Nel caso concreto giunto all'attenzione della Corte, i familiari della vittima avevano chiesto i danni all'assicurazione dell'automobilista e avevano fatto ricorso contro la decisione dell'appello, che aveva decurtato del 30% il risarcimento per la perdita del rapporto parentale. Come ricostruito in tribunale, il guidatore ubriaco aveva perso il controllo della propria macchina in prossimità di una curva, andandosi a schiantare contro un muro di recinzione.
I giudici di legittimità hanno tuttavia confermato il risarcimento ridotto, proprio per l'accertato comportamento imprudente dello stesso passeggero, che aveva scelto di farsi trasportare nonostante la palese ubriachezza dell'amico. Il principio giurisprudenziale stabilito nella sentenza 21896/2025 è quello della riduzione proporzionale del risarcimento, da parte del magistrato, in base al rilievo del concorso colposo del passeggero-danneggiato e, quindi, della sua responsabilità parziale. In breve, se la vittima – con il suo comportamento – ha in qualche misura contribuito al danno patito, vedrà applicata nei suoi confronti la regola di cui all'art. 1227 del c.c..

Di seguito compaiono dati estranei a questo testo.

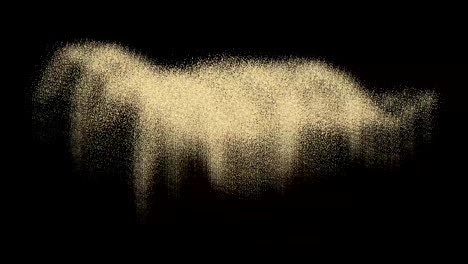 explosión de brillo dorado en fondo negro. animación digital abstracta de una explosión aleatoria de confeti dorado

Infatti, si legge in sentenza che "l'esposizione volontaria ad un rischio, o, comunque, la consapevolezza di porsi in una situazione da cui consegua la probabilità che si produca a proprio danno un evento pregiudizievole, è idonea ad integrare una corresponsabilità del danneggiato e a ridurre, proporzionalmente, la responsabilità del danneggiante, in quanto viene a costituire un antecedente causale necessario del verificarsi dell'evento, ai sensi dell'art. 1227, primo comma, cod. civ., e, a livello costituzionale, risponde al principio di solidarietà sociale di cui all'art. 2 Cost. avuto riguardo alle esigenze di allocazione dei rischi (riferibili, nella specie, all'ambito della circolazione stradale) secondo una finalità comune di prevenzione, nonché al correlato obbligo di ciascuno di essere responsabile delle conseguenze dei propri atti".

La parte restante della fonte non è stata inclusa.